*** Opening of Dataset records ***

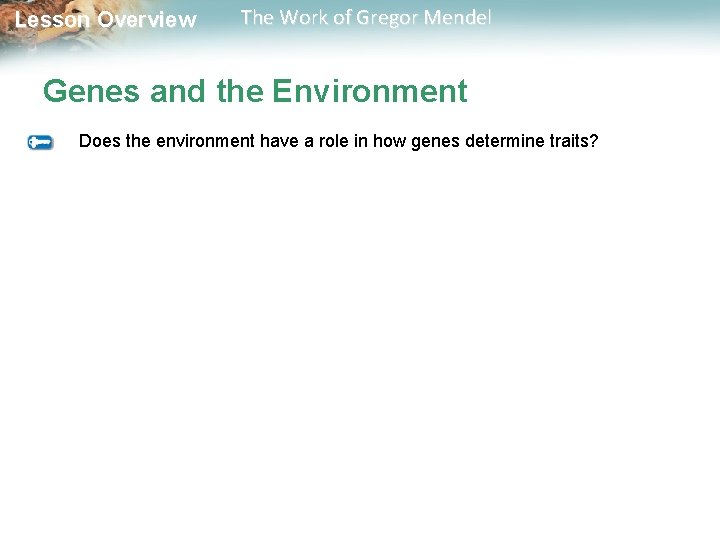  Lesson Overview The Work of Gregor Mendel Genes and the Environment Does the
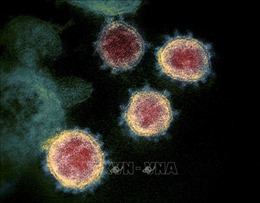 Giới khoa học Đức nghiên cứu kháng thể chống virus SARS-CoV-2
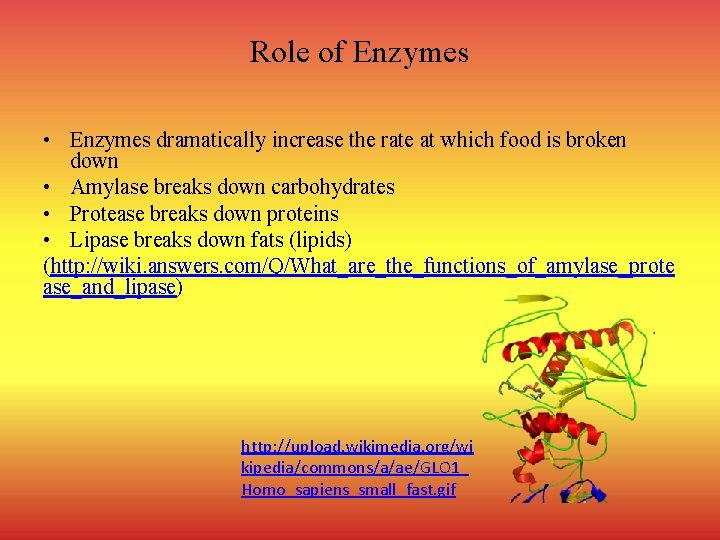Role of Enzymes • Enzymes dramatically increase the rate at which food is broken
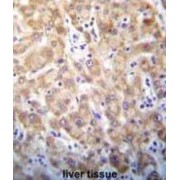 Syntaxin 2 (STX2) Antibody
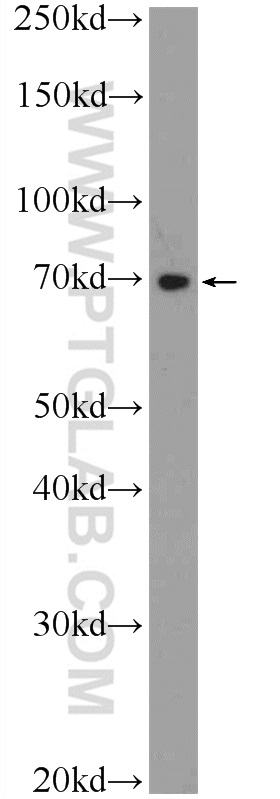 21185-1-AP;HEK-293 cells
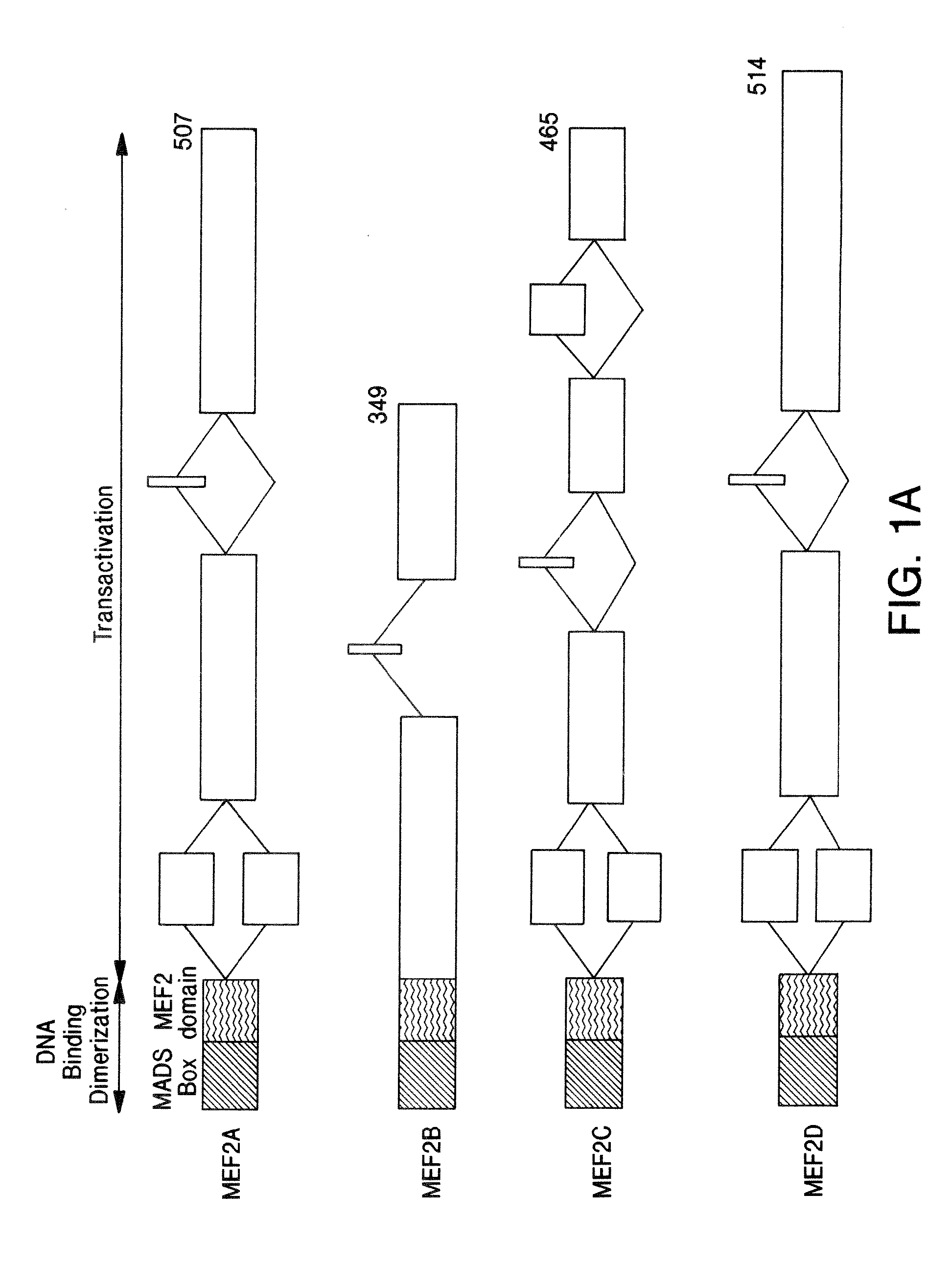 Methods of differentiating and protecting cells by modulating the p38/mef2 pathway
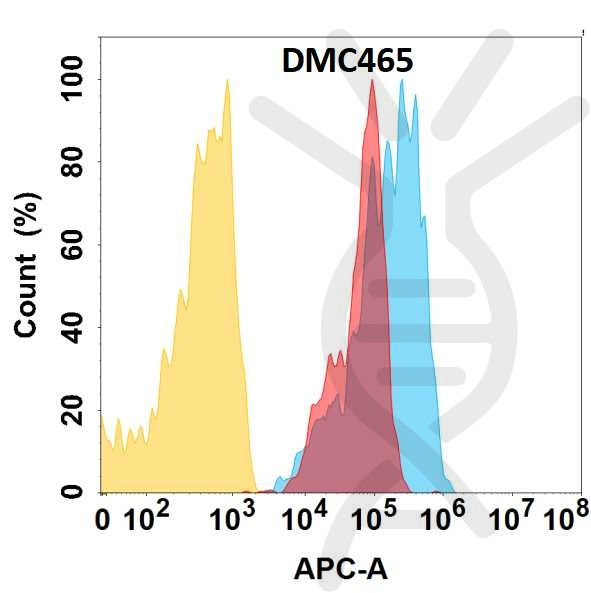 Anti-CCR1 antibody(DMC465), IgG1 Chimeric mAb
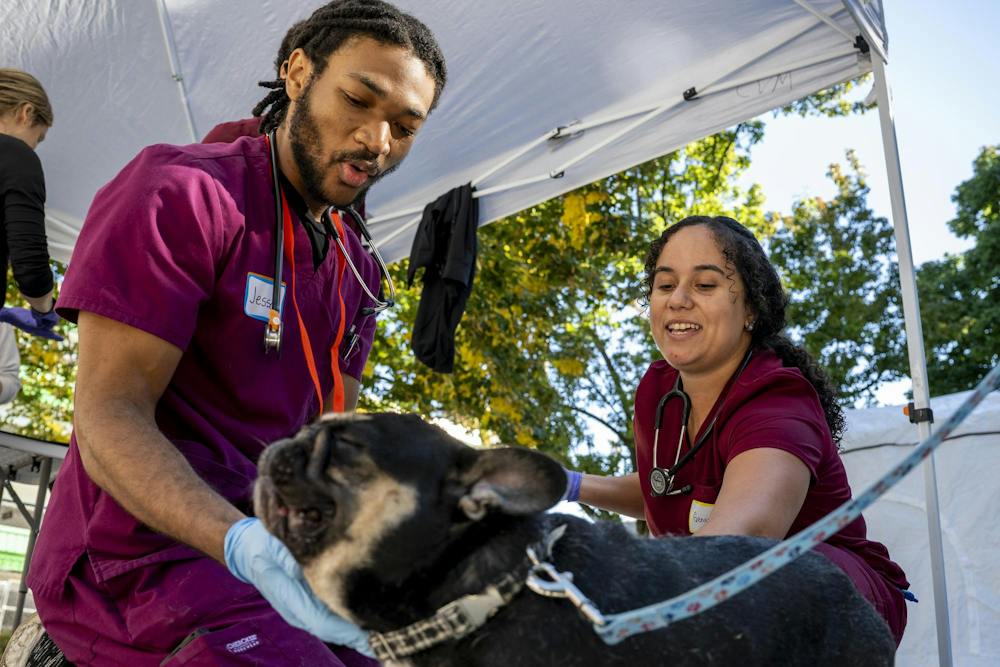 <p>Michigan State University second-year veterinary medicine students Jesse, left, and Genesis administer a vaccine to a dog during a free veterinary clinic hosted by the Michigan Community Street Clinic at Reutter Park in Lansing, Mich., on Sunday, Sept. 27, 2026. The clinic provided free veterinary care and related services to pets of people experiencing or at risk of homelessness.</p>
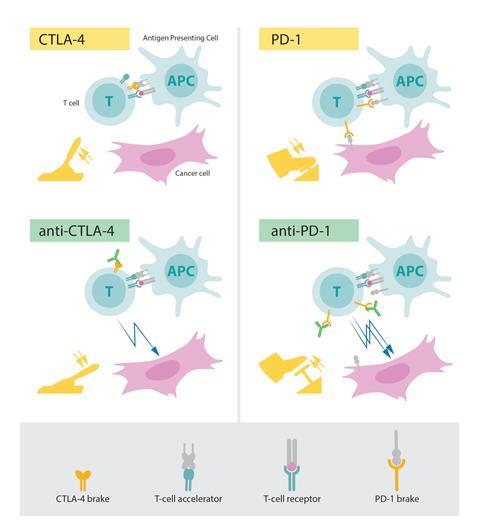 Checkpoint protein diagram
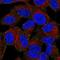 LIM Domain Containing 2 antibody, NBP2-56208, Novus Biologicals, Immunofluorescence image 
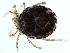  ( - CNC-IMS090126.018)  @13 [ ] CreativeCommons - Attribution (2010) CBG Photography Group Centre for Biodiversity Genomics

*** Close of Dataset records ***

Leave the images out and output the remaining material exactly as it stands.

• **Solution to the problem**:
  Lesson Overview The Work of Gregor Mendel Genes and the Environment Does the
 Giới khoa học Đức nghiên cứu kháng thể chống virus SARS-CoV-2
Role of Enzymes • Enzymes dramatically increase the rate at which food is broken
 Syntaxin 2 (STX2) Antibody
 21185-1-AP;HEK-293 cells
 Methods of differentiating and protecting cells by modulating the p38/mef2 pathway
 Anti-CCR1 antibody(DMC465), IgG1 Chimeric mAb
 <p>Michigan State University second-year veterinary medicine students Jesse, left, and Genesis administer a vaccine to a dog during a free veterinary clinic hosted by the Michigan Community Street Clinic at Reutter Park in Lansing, Mich., on Sunday, Sept. 27, 2026. The clinic provided free veterinary care and related services to pets of people experiencing or at risk of homelessness.</p>
 Checkpoint protein diagram
 LIM Domain Containing 2 antibody, NBP2-56208, Novus Biologicals, Immunofluorescence image 
  ( - CNC-IMS090126.018)  @13 [ ] CreativeCommons - Attribution (2010) CBG Photography Group Centre for Biodiversity Genomics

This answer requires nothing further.